La lectura de la Biblia, durante veinte días, mientras que componía la música para el oratorio, “El Mesías”, produjo un cambio maravilloso en la vida de Jorge Federico Handel.
El gran compositor había llegado a un fatal momento de su vida cuando todo le parecía inútil; ya nadie se complacía en escuchar sus composiciones musicales; la inspiración había huido de él, y estaba, digámoslo así, en bancarrota. Una noche, profundamente desanimado, regresó a su casa obsesionado por una sola idea: descansar, dormir, olvidarlo todo.
JORGE FEDERICO HANDEL |
Pero el insomnio se apoderó de él; una tempestad agitaba su pecho. Al fin, se levantó, encendió nuevamente las velas y llevó el manuscrito hacia la luz. Leyó el título, “El Mesías”, y en seguida las palabras, ¡Consolaos! ¡Consolaos!” Éstas le llamaron la atención: era el maravilloso principio de la poesía y, a la vez, un desafío celestial al ánimo apagado del compositor. Apenas había leído las primeras palabras cuando éstas empezaron a traducirse en un lenguaje musical que dilataba, elevándose triunfalmente hacia el cielo. Una vez más Handel oyó tonos musicales después de una larga sequía de inspiración.
Con los dedos temblorosos pasaba las páginas. Se sentía llamado a elevar su voz con gran fuerza en un numeroso coro. Ya oía vibrar los instrumentos al soplo poderoso de las tubas, sostenido por los acordes fulminantes del órgano. Desapareció el cansancio; fue bañado en un mar de tonos musicales que corrían como olas sobre su alma, agitando la inspiración dormida.
Tomó su Biblia y empezó a leer las profecías del Mesías prometido, su advenimiento, y al fin, su ascensión al Padre. El fuego divino ardía nuevamente en su ser; las lágrimas inundaban sus ojos. Tomando la pluma, comenzó a traducir sobre el pentagrama lo que resonaba en su mente y en su corazón. Sus dedos corrían incansablemente y pronto se vieron las hojas de papel cubiertas de extraños signos musicales. La ciudad dormía bajo el manto de una densa oscuridad, pero el espíritu de Handel estaba iluminado por una luz celestial, y su cuarto vibraba de música.

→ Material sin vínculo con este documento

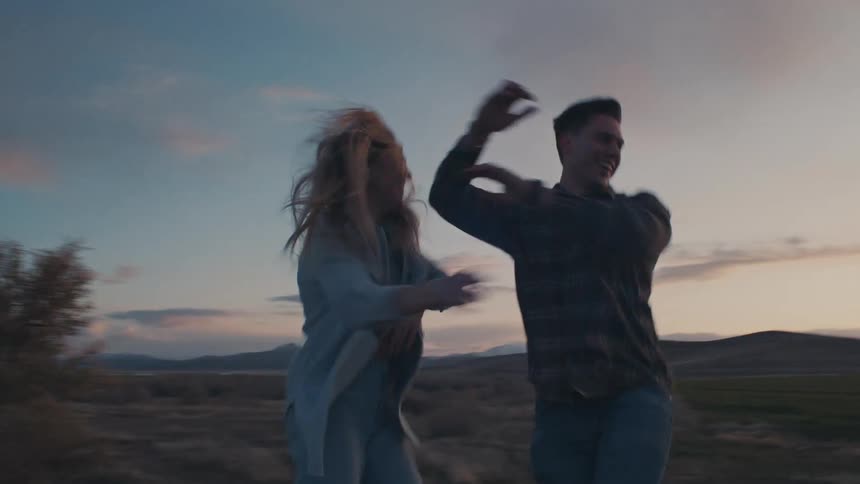 A man and a woman dancing in an open field with hills in the background under a fading sky facing each other and smiling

Día y noche estuvo entregado a su tarea, viviendo y respirando una atmósfera de ritmo y tono. Cuanto más se acercaba el fin de su composición, con mayor violencia le azotaba el temporal de esta furiosa inspiración. Ya pulsaba las cuerdas del clavicordio, ya cantaba, ya escribía con ligereza hasta agotar la fuerza de sus dedos. Nunca antes había vivido una similar batalla musical.
Quedaba sólo una palabra para ser ungida de la iluminación el —amén— dos sílabas, pero esas dos sílabas debían ser construidas sobre un monumento que alcanzara los cielos. El compositor dilató la primera sílaba hasta sentir que llenaba no solamente una catedral, sino también la misma cúpula del cielo.
Al fin, después de veinticuatro días, un milagro en el mundo de la música, fue terminado el oratorio. La pluma cayó al suelo y Handel durmió por diecisiete horas. Al levantarse, se sentó al clavicordio y tocó con desbordante alegría la última parte de “El Mesías”. Una vez que hubo terminado, un amigo le dijo: “¡Nunca en mi vida he escuchado cosa parecida!”
Handel, con la cabeza inclinada, respondió: “Dios me ha visitado.” —El Mensajero Pentecostés.